Islamist insurgents have captured a heavily-defended port in the far northern Mozambique town of Mocimboa da Praia, close to the site of natural gas projects worth some $60 billion, local media reported on Wednesday.
It was one of several attacks on the town - 60 km (37 miles) south of the projects being developed by oil majors like France's Total - this year as insurgents with links to Islamic State have stepped up attacks in the region. Its port is used for cargo deliveries to the developments.
Local news site Zitamar said the port had been seized on Tuesday, when naval forces ran out of ammunition to keep insurgents at bay after days of fighting in Mocimboa da Praia.

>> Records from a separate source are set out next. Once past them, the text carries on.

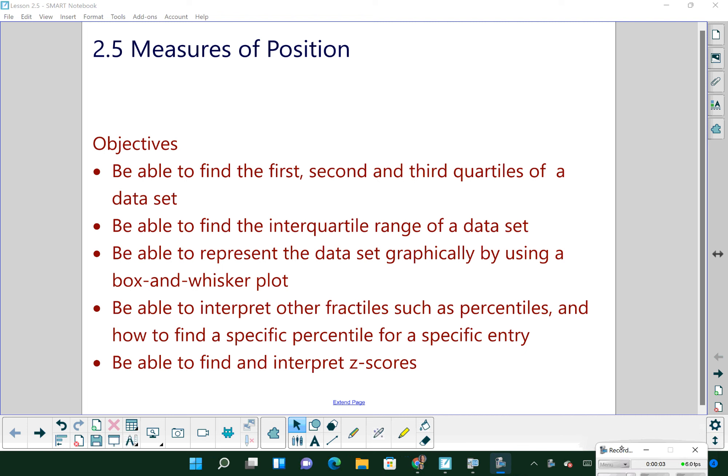Hi guys. This is section 2-5, the last section of our chapter before the test coming up at the end of this week. I did make a handout for this lesson and printed those for the subs. If you haven't grabbed one yet, go ahead and grab it so you can take notes along with the video.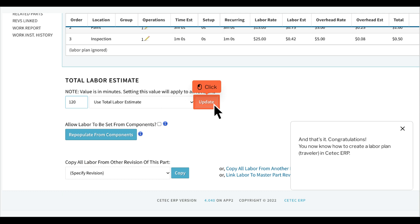And that's it. Congratulations! You now know how to create a labor plan Traveler in CTECH ERP.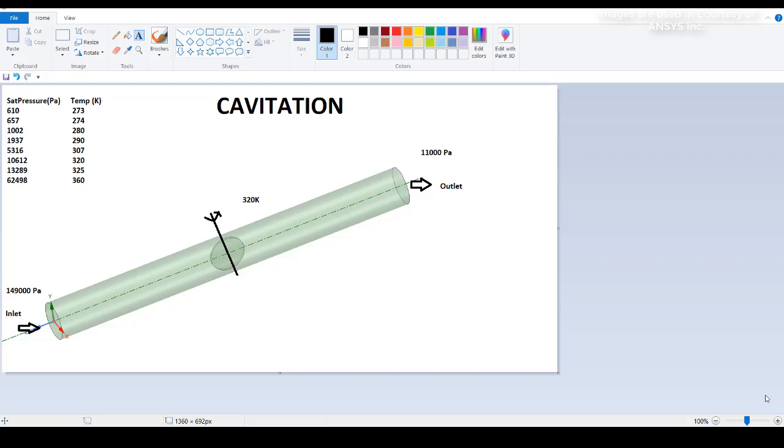Hi friends, in this video we will discuss the cavitation that occurs when water is flowing in a pipe with a valve inserted.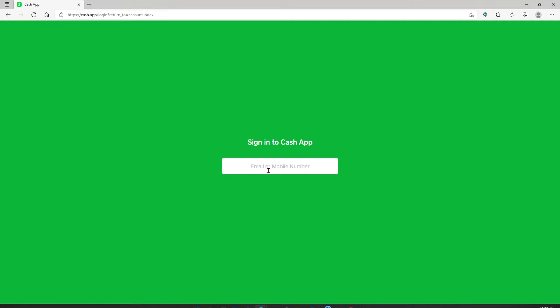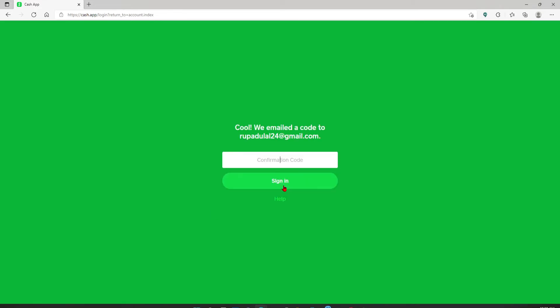Make sure to enter the same credentials that you used while signing up for your Cash App. You can either type in your email address or your mobile number. Soon after you do that, click on request sign in code. You'll receive a confirmation code in your mobile number or your email address.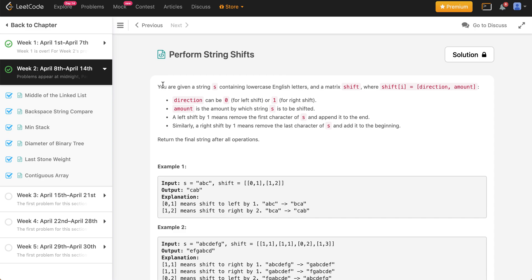The problem description is that you are given a string S containing lowercase English letters and a matrix shift, where each element inside shift is a list which has a direction and an amount. Direction can be 0, which means left shift, or 1 for right shift. Amount is the amount by which the string S needs to be shifted. A left shift by 1 means remove the first character of S and append it to the end, and a right shift by 1 means remove the last character and add it to the beginning. We want to return the final string after all operations.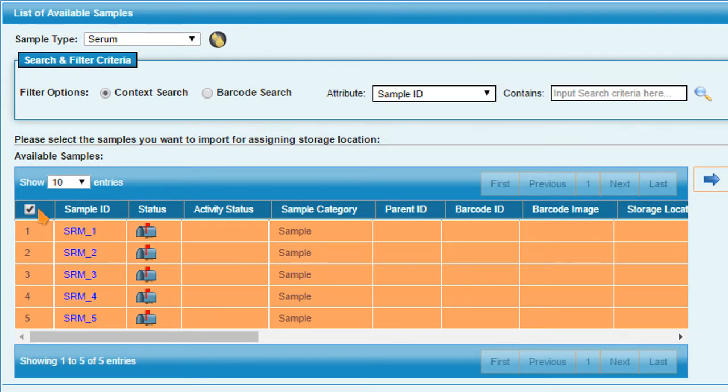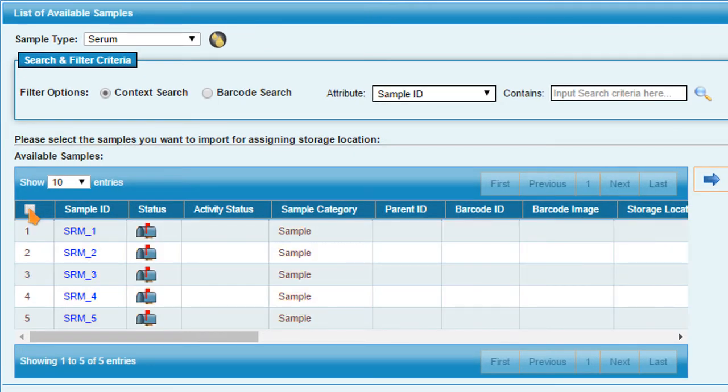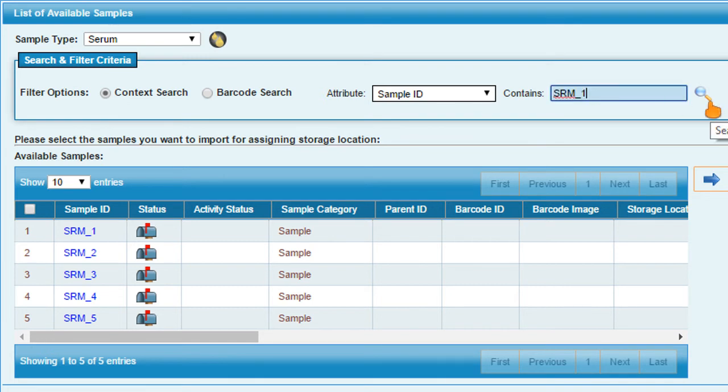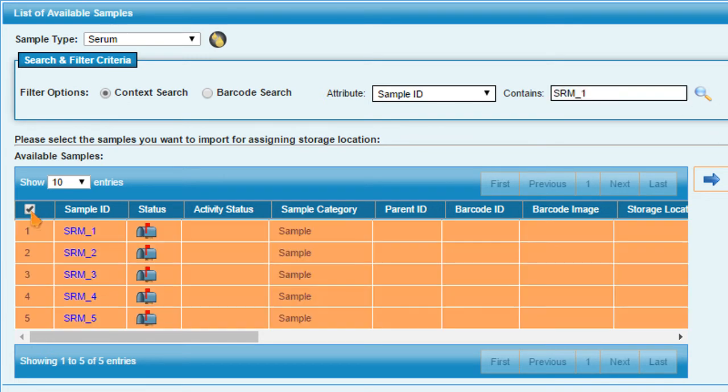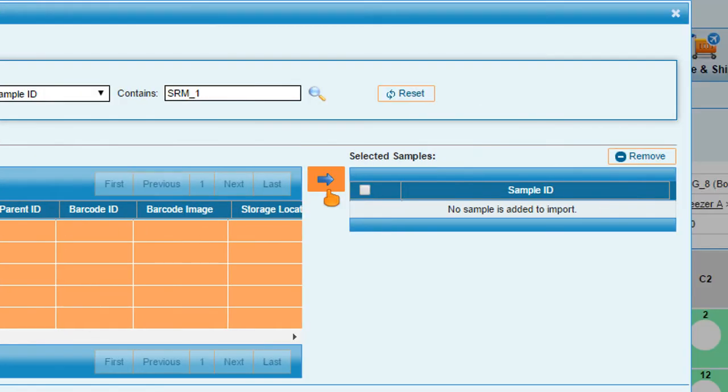select the sample batch. Select a filter option of your choice. Select the sample and press Import.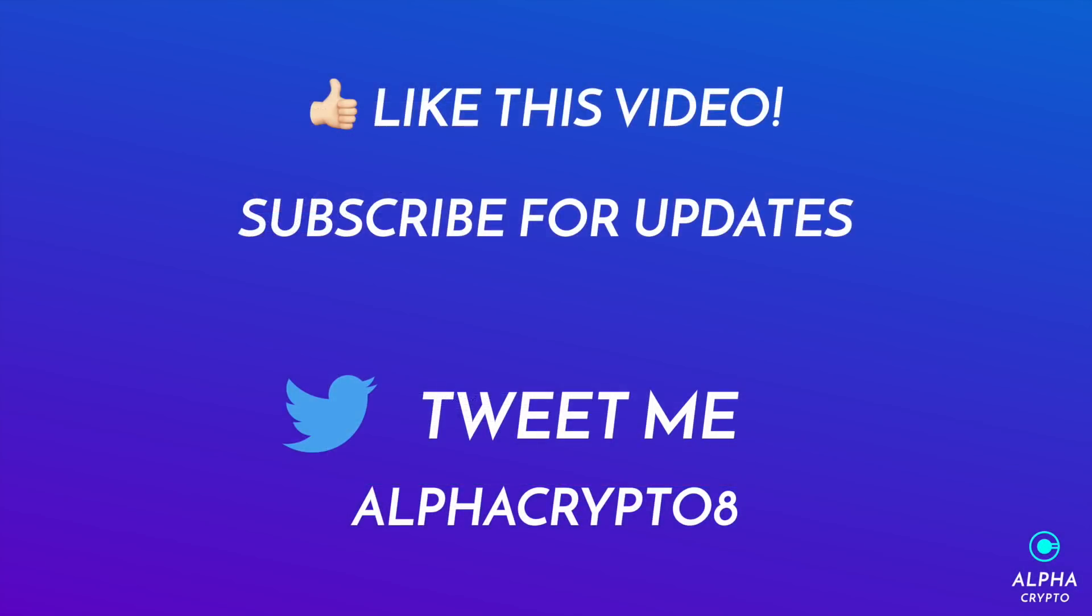So that concludes our video for today. Remember to like this video if you liked it. If you really liked it, then remember to subscribe. If you have any questions or if I've missed anything out that you're unsure of, just give me a tweet or leave a comment in YouTube and I'll try and get back to you. All right guys, peace.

A spokesman for the southern African country's police was not immediately available for comment.
Attacks began in the northernmost province of Cabo Delgado in 2017, and have rapidly gathered pace this year with insurgents seizing key towns for brief periods and increasingly hitting military or strategic targets.
That came after the group, known as Ahlu Sunnah Wa-Jama, pledged allegiance to Islamic State last year, and IS subsequently began claiming the local group's attacks, including another strike on Mocimboa da Praia earlier this year.
This week, Islamic State claimed via its media channels to have taken over two military bases in the vicinity of Mocimboa da Praia, resulting in the deaths of a number of Mozambique soldiers and the capture of weaponry ranging from machine guns to rocket-propelled grenades.
The remote region is far from Mozambique's main central city of Beira and the capital Maputo in the far south.